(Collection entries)

· · · · · · ·

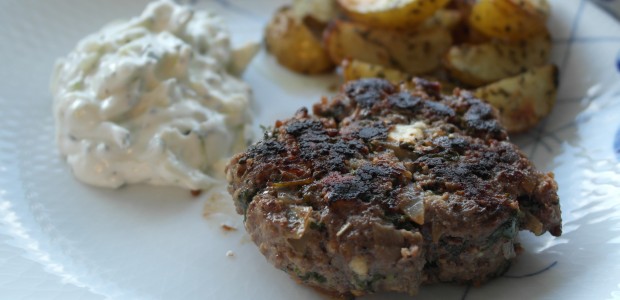 Græske bøffer med tzatziki og kartofler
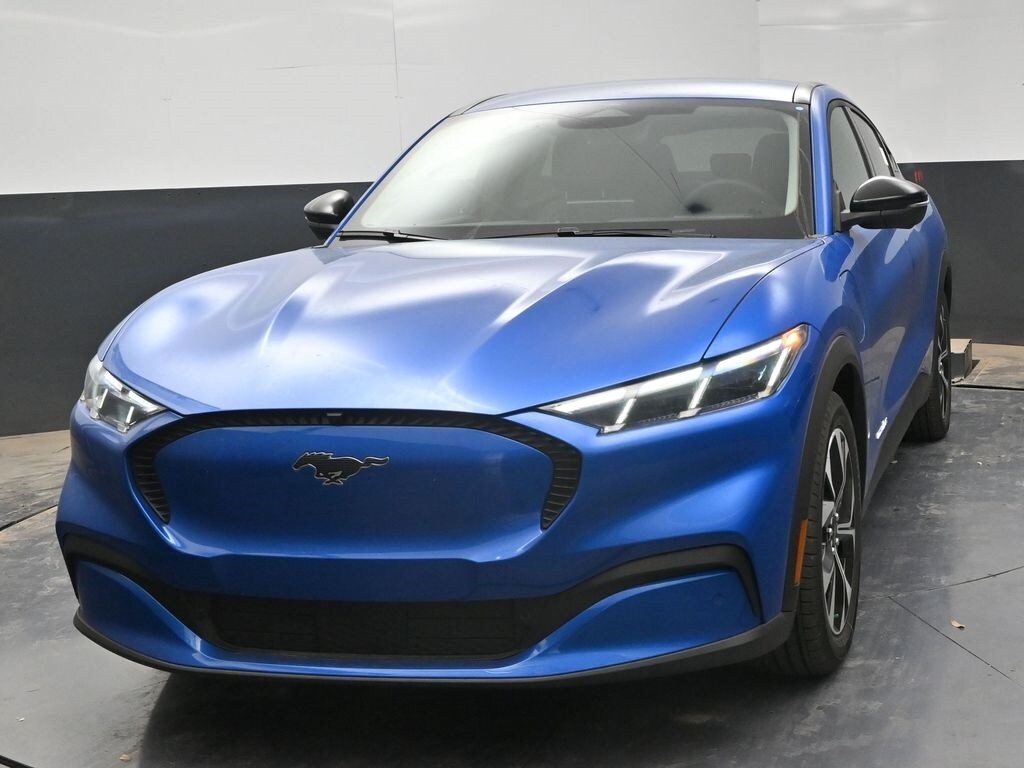 2025 Ford Mustang Mach-E Select photo 3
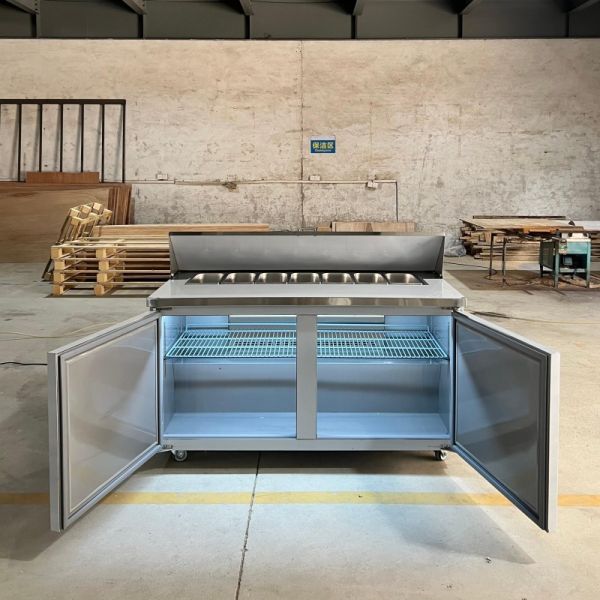 Pizza Sandwich Salad Prep Table Cooler 2 Doors for Hotel Kitchen
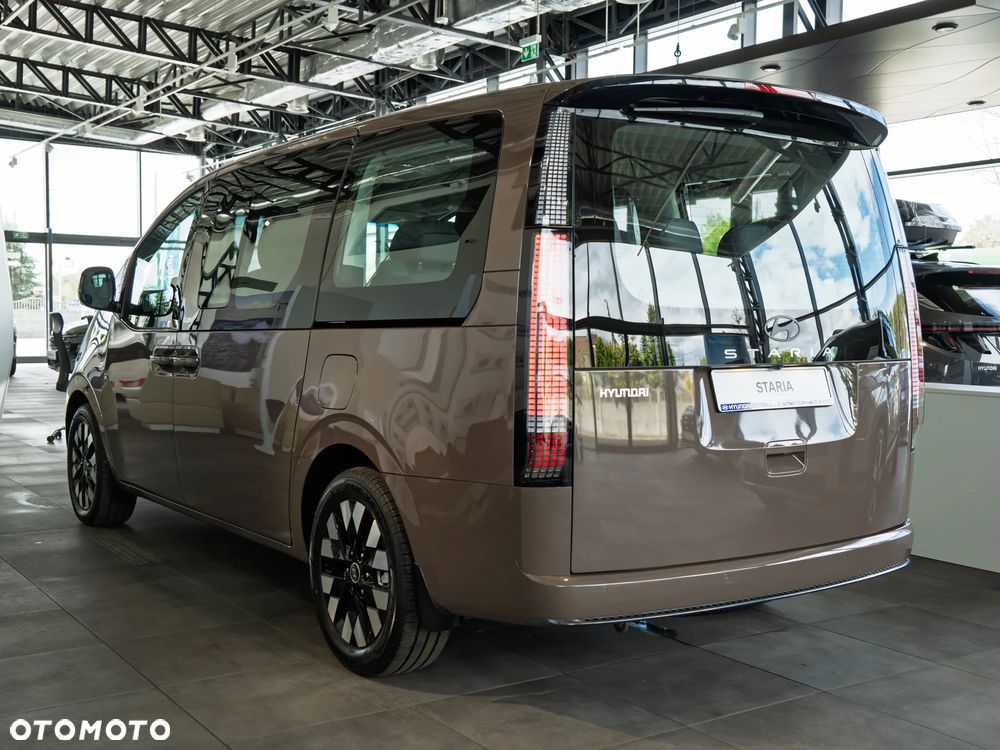 Hyundai Staria 1.6 T-GDI HEV Luxury - 4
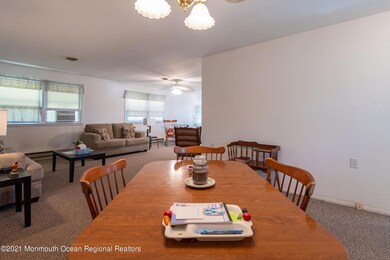 17 Rose Ln unit 70, Whiting, NJ 08759 - photo 5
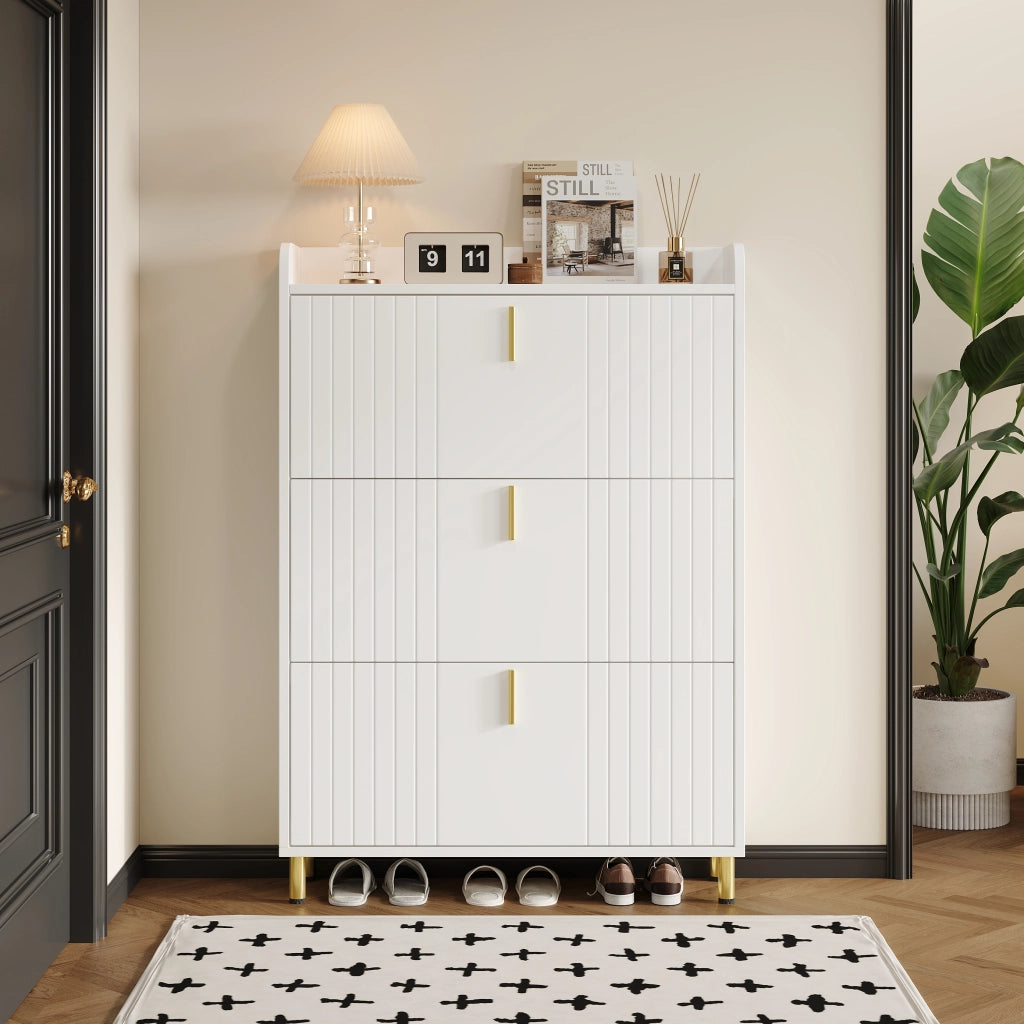 Scarpiera con 3 ribalte e ripiani regolabili in MDF bianco opaco con piedini e maniglie oro 80 × 23 × 123.5 cm
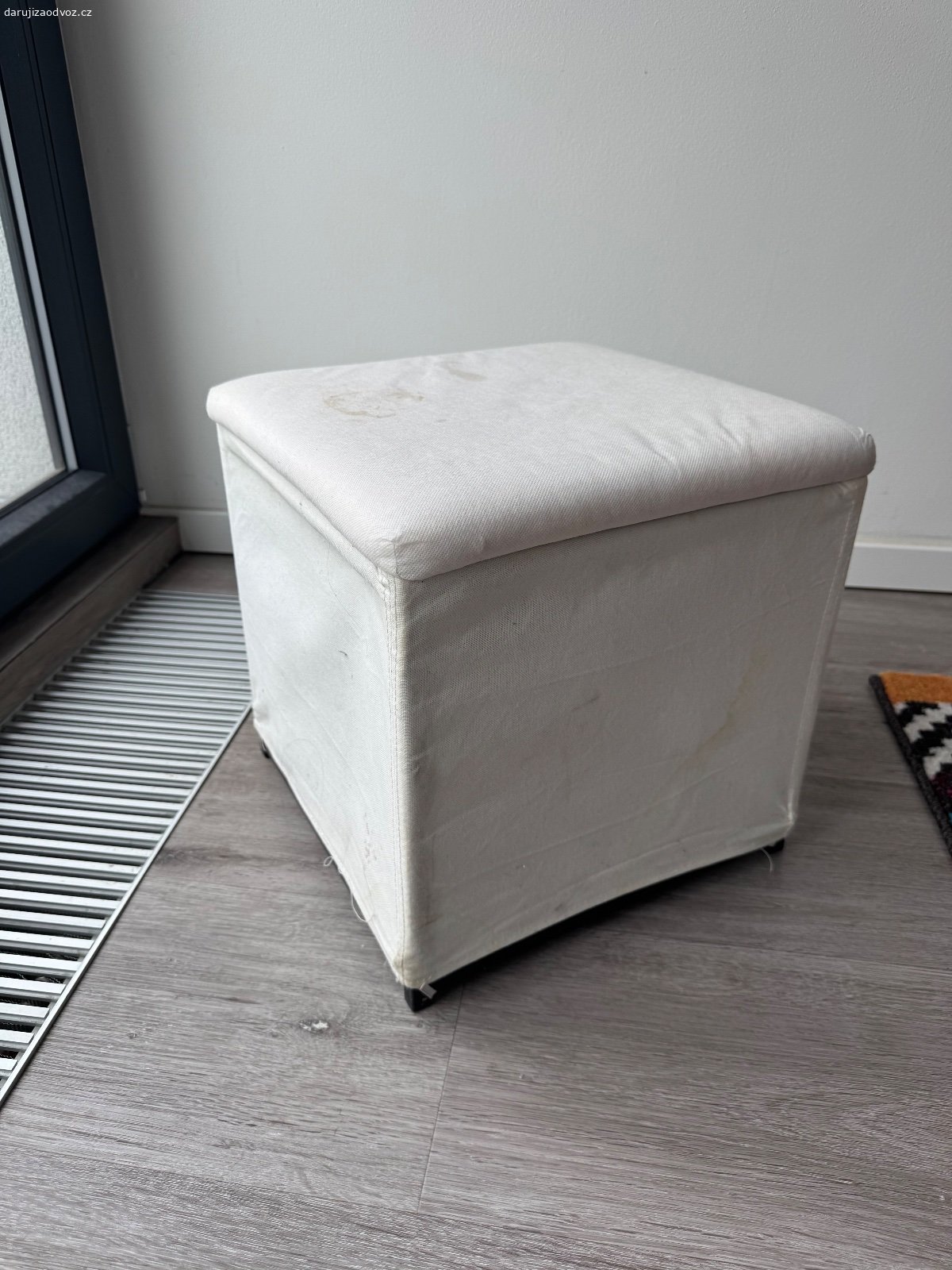 Taburet IKEA Bosnas. Daruji za odvoz Praha 4 Kunratice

· · · · · · ·

> Exercise goal
Return all of the data exactly as written, and drop the pictures.

> Written reply
 Græske bøffer med tzatziki og kartofler
 2025 Ford Mustang Mach-E Select photo 3
 Pizza Sandwich Salad Prep Table Cooler 2 Doors for Hotel Kitchen
 Hyundai Staria 1.6 T-GDI HEV Luxury - 4
 17 Rose Ln unit 70, Whiting, NJ 08759 - photo 5
 Scarpiera con 3 ribalte e ripiani regolabili in MDF bianco opaco con piedini e maniglie oro 80 × 23 × 123.5 cm
 Taburet IKEA Bosnas. Daruji za odvoz Praha 4 Kunratice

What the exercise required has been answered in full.